AnyExpress: One Adapter Enabling Highly Flexible Audio-Driven Portrait Animation
We propose AnyExpress, a versatile and efficient audio-motion adapter that offers unprecedented freedom in generating freeform portrait animations. Its plug-and-play nature allows it to adapt to various base models and control mechanisms.
摘要
评审与讨论
This paper presents AnyExpress, a modular framework for audio-driven portrait animation that eliminates the reliance on ReferenceNet, reducing training complexity and enabling more flexible and expressive animations. By introducing a lightweight Audio-Motion Adapter and optimizing motion dynamics, AnyExpress achieves high flexibility and efficiency during training. The authors claim that the proposed method showed freedom in generating videos with background, lower demand, and can be used with custom models.
优点
This paper proposes a new framework, Anyexpress, which eliminates the dependence on the large and complex ReferenceNet architecture, reducing the model's parameter count. Additionally, by training the audio-motion adapter, Anyexpress operates independently of the U-Net architecture, making it easy to integrate with various diffusion models and control adapters. The adapter framework, without requiring training of the overall model, can expand the model's utility.
缺点
This paper claims that weak control enables expressive and varied outputs, but the lack of precise control may limit consistency in the results. Moreover, the absence of quantitative evaluation in the ablation study limits the ability to rigorously assess the model’s performance and its proposed components. I recommend providing quantitative results for the ablation study. Additionally, no user study (perceptual study) is presented, which is crucial for evaluating naturalness of motion, identity preservation, or lip sync quality, etc as perceptual quality is a key aspect of audio-driven talking head animation research.
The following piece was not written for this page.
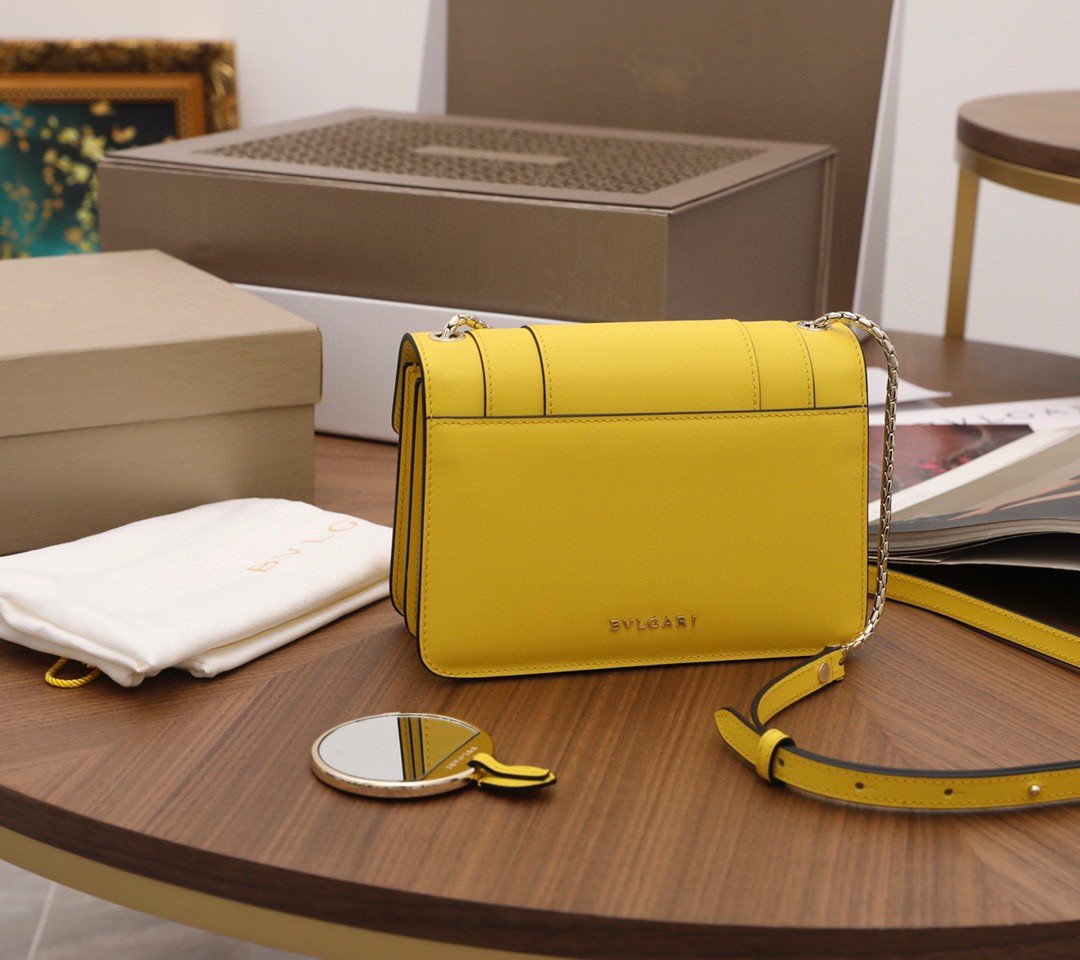 Bvlgari Serpenti Forever Small Crossbody Bag in Yellow Calfskin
Furthermore, visual artifacts, such as saturated images, are still present despite the use of dynamic thresholding (Line 872). While I agree with the merit of the adapter-based audio-driven talking head animation method, the current results are lacking in consistency and visual quality.
问题
- The paper claims the efficiency of the ReferenceNet-free architecture, but the required training time isn't provided. How long did it take to train using 8 V100 GPUs?
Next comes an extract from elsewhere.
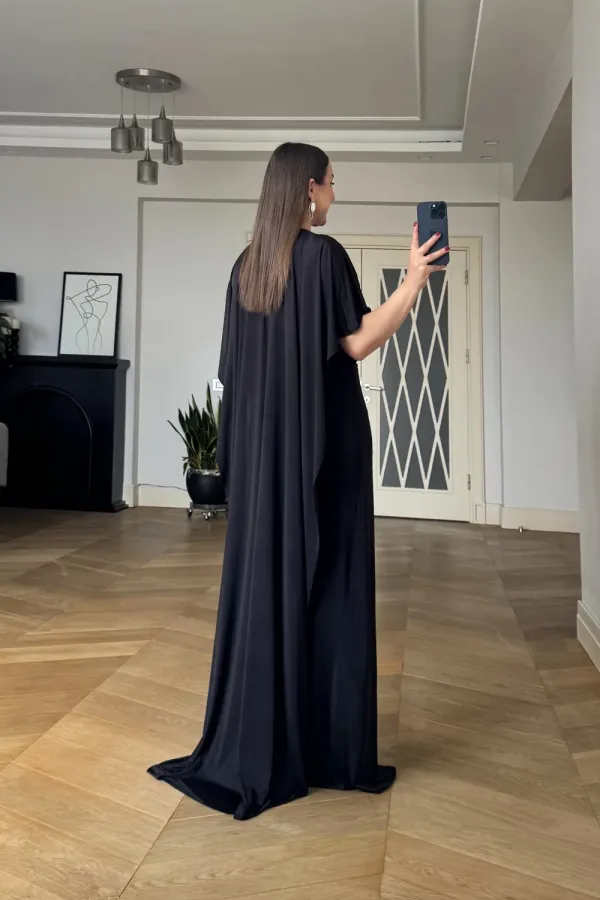 Batwing Sleeve Cape Detail Long Dress Batwing Sleeve Cape Detail Long Dress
- In comparison with the baselines in Figure 5, some results are worse than I expected or have experienced myself. Could this be due to the facial guidance not aligning with the reference? If yes, why are the reference images cropped at the center, while the facial guidance sequence is not?
- In your personal opinion, do you think there is a trade-off between diversity and synchronization fidelity? In case of weak guidance?
伦理问题详情
Human subject
This paper examines the problem of animating a talking face using audio, an identity signal and additional optional signals. It first discusses and positions itself relative to existing works (e.g. EMO, V-Express) that use a strongly constrained heavy reference UNET architecture with a very large parameter count. This work proposes a lighter-weight adaptor that can be used with any existing text-to-image model and is less tightly coupled to input signals. This allows for easier training and a more robust model for large variations in input signals (primarily, the paper looks at head pose).
优点
The paper's premise is that models based on a reference UNET have some limitations. I believe the authors are correct that these models are particularly limited by the tightness of their control and, therefore, cannot model significant variations in head pose. This is well-motivated, and the authors demonstrate it. In particular, Figures 3 and 5 together make this a strong case.
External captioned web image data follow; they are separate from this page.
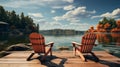 Two chairs on a dock overlooking a lake. Generative AI. Royalty Free Stock Photo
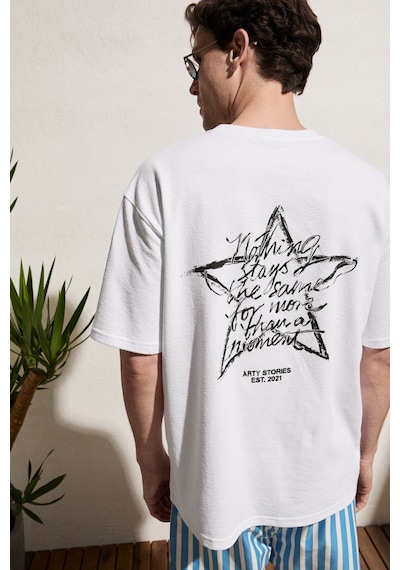 Grimelange Calıdo Erkek Organik Pamuklu Baskı Ve Nakışlı Bisiklet Yaka Oversıze Beyaz T-shirt Beyaz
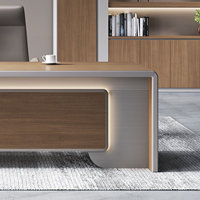 Bureau de direction personnalisable à livraison rapide, fournisseur de bureaux simples et élégants pour managers et patrons, avec éclairage LED et prise intégrée pour usage commercial
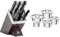 ZWILLING Bloque de cuchillos auto-afilables de 7 piezas, Bloque de madera, Cuchillos y tijeras con mango especial de acero inoxidable/plástico, Gourmet & Batería de Cocina de 5 Piezas, 4 Tapas
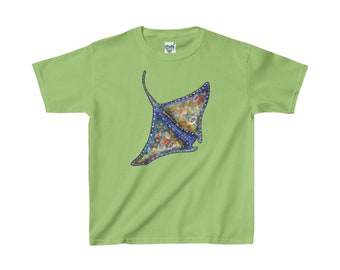 Trendy Beach T-Shirts for kids with Stingray Prints | Multicolor Graphic Shirt for Casual Wear | Summer T-Shirt Gifts for Children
The quantitative and qualitative results show that the proposed model works better in this scenario. The addition of dynamic backgrounds and text control shows the model's flexibility nicely.
The paper is well written. The figures, in particular, are a delight and illustrate the main argument well.
The novelty of this work is sufficient. While many of the components are similar to existing state-of-the-art, and hijacking text-to-image models is not itself novel, the novelty is there as the model trains an adapter instead of a large reference net.
The decision to release code is great and should help drive further research in this area.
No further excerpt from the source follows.